Two key error screenshots are included in Evidence:

  • Evidence 1: No module named 'sedna' (run is blocked).
  • Evidence 2: cannot import name 'JSONDataParse' (parser missing).

Debugging clues

  1. Running the official entry command reaches core/testenvmanager/dataset/dataset.py; importing sedna.datasources fails immediately (see Evidence 1).
  2. After explicitly setting PYTHONPATH to point to the bundled sedna snapshot, it still fails on missing JSONDataParse (see Evidence 2), showing that the parser itself is not included in the current snapshot.
  3. Reviewing example YAML and algorithm configs reveals dataset paths pointing to other examples, and model paths pointing to non-existent files, further blocking execution.
  4. Metric semantics issues observed (facts only): throughput formula divides by total latency measured in ms; basemodel hard-truncates samples with data[:10]. Even if it ran, these harm metric credibility (stating the phenomena only).

Problem categories

  • Configuration: path/paradigm/sort vs metrics inconsistencies; dataset points to a wrong directory, etc.
  • Dependencies: example doesn’t ship/declare the required sedna parsers and third-party packages to run.
  • Resources: no usable model file and no minimal prompts dataset.
  • Metrics: unit/semantics unclear (formula uses ms directly); sample truncation distorts statistics.
  • Documentation: example README lacks a minimal Install — Run — Troubleshooting guide.

Impact and urgency

  • The example cannot complete a single effective inference; as an “entry example,” it’s not runnable to the public.
  • Metric math and sample handling show clear bias; results are not comparable or explainable.
  • New users and contributors cannot reproduce or extend; this directly reduces the value and attractiveness of the LLM edge example to the community.
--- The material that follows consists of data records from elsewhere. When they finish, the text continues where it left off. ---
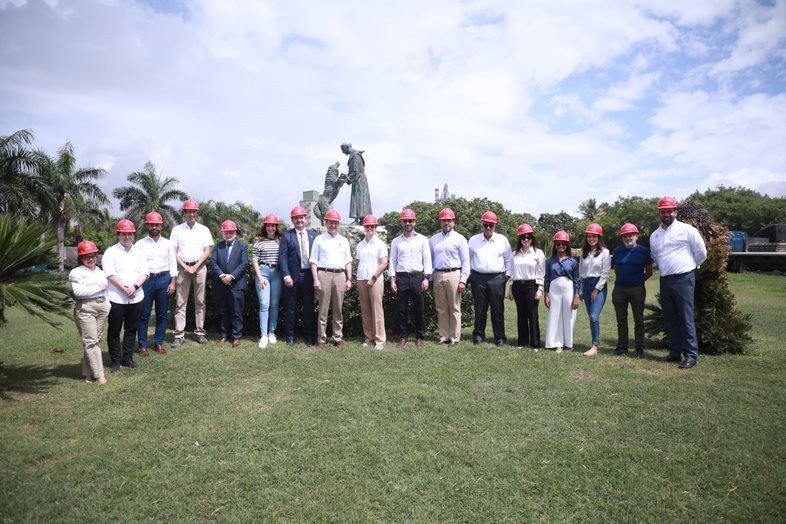 La Ruta Industrial de MICM hace parada en Domicem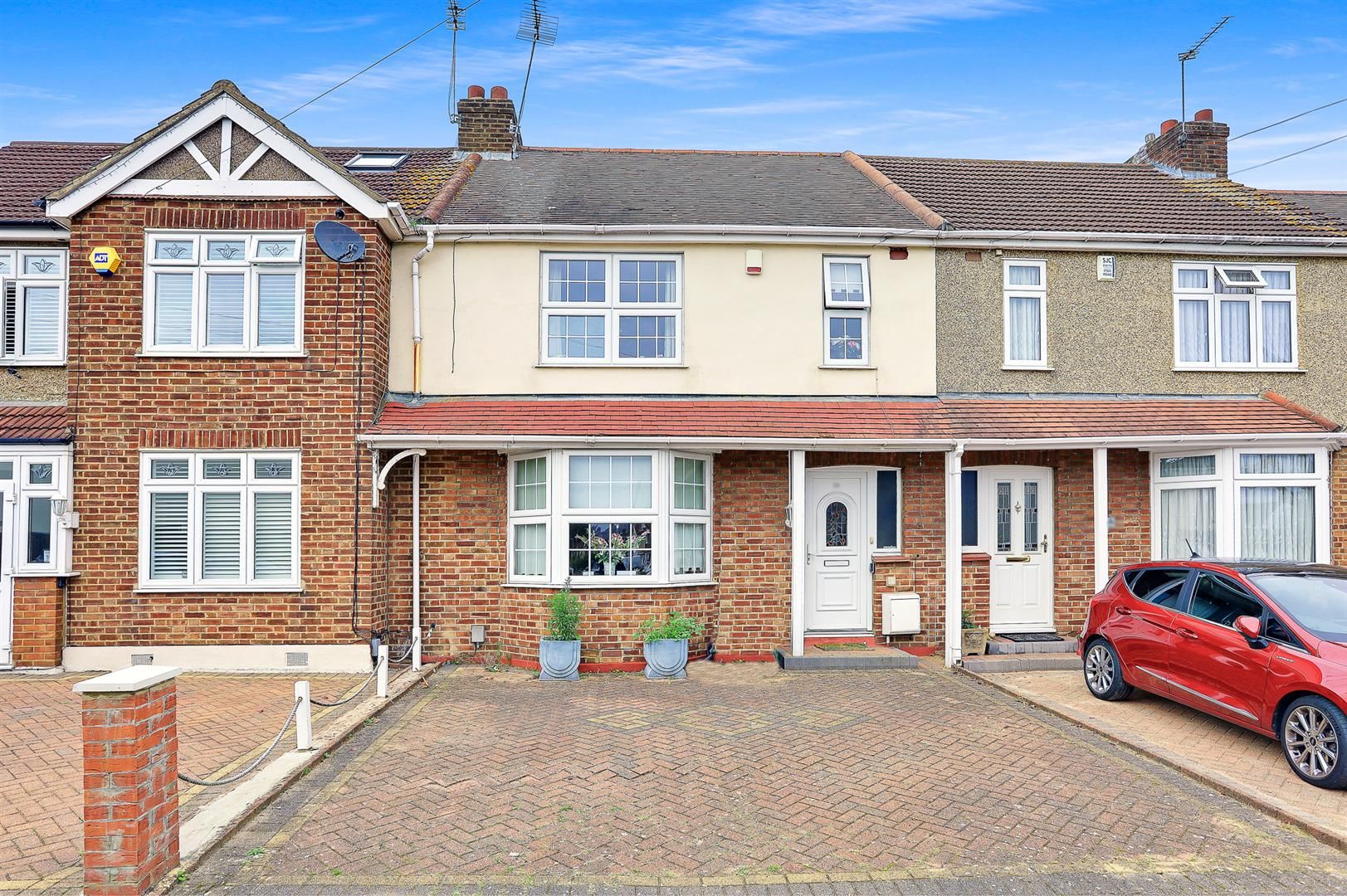 3 bed terraced house for sale in Hillview Gardens, Cheshunt, Chain Free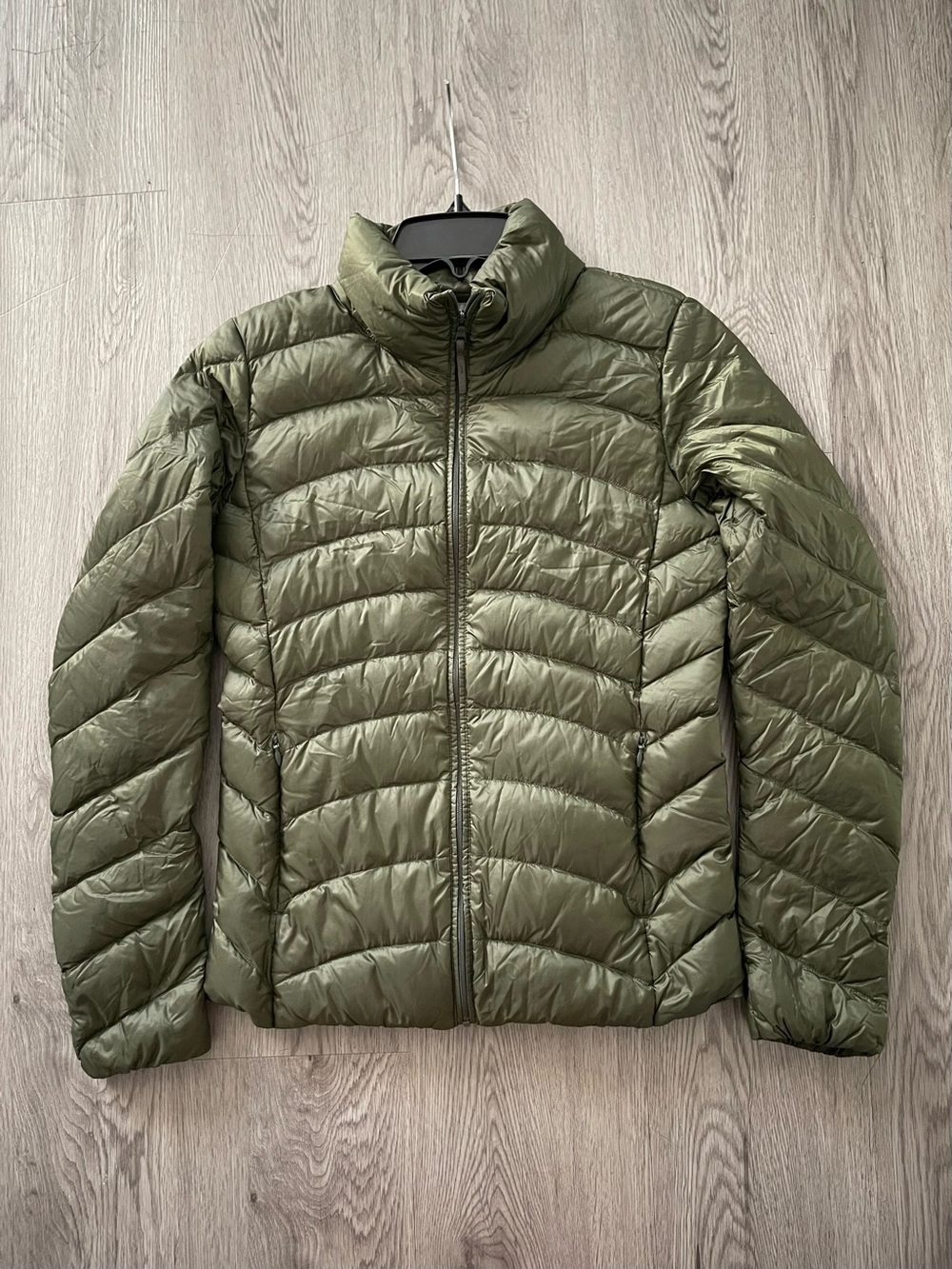 Uniqlo ultra Lightweight Puffer Jacket - Olive Green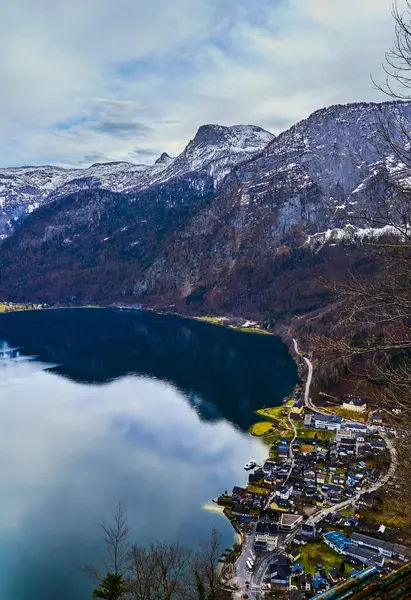 Winterlandschaft Hallstatter See Und Berge Rund Hallstatt Einem Kurort Österreich lizenzfreie Stockbilder
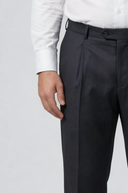 Pantalone sartoriale uomo in fresco lana Tasmania con pinces drop 0 - oversize fit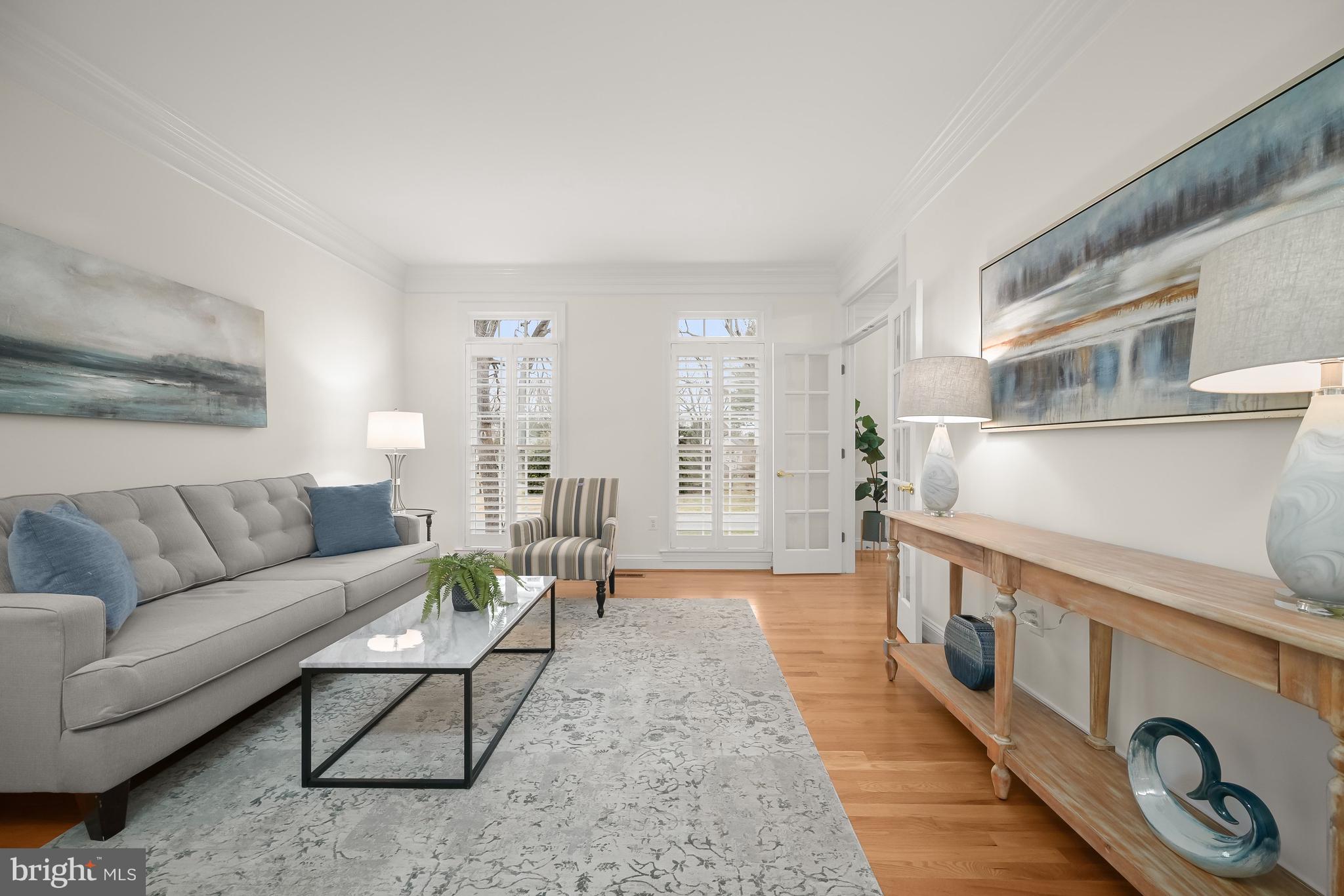 COUNTRY PLACE - Residential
Conclusion: This is an “example asset health” issue. The core framework (core/*) parsing/scheduling chain works and throws accurate errors. No core code changes are required.

Goals

Community-facing goals:

  • Run-ability: the example can run with one command in a fresh environment, without private resources.
  • Metric semantics: unify latency/prefill (ms), throughput (req/s), mem_usage (clearly defined and explainable).
  • Reproducible assets: provide a small, semantically reasonable prompts dataset; allow sample size to be controlled via config/env.
  • Documentation: README and Troubleshooting cover install, run, metric explanation, and common error triage.
  • Anti-regression: provide a smoke test/minimal self-check path for later CI or local validation.

Acceptance criteria:

  • Running the official entry command stably produces all four metrics.
  • Metric units and sort directions match expectations.
  • When changing sample size, latency/throughput change in a reasonable relationship (no hidden hard truncation).
  • Steps in docs can be independently reproduced by a first-time user.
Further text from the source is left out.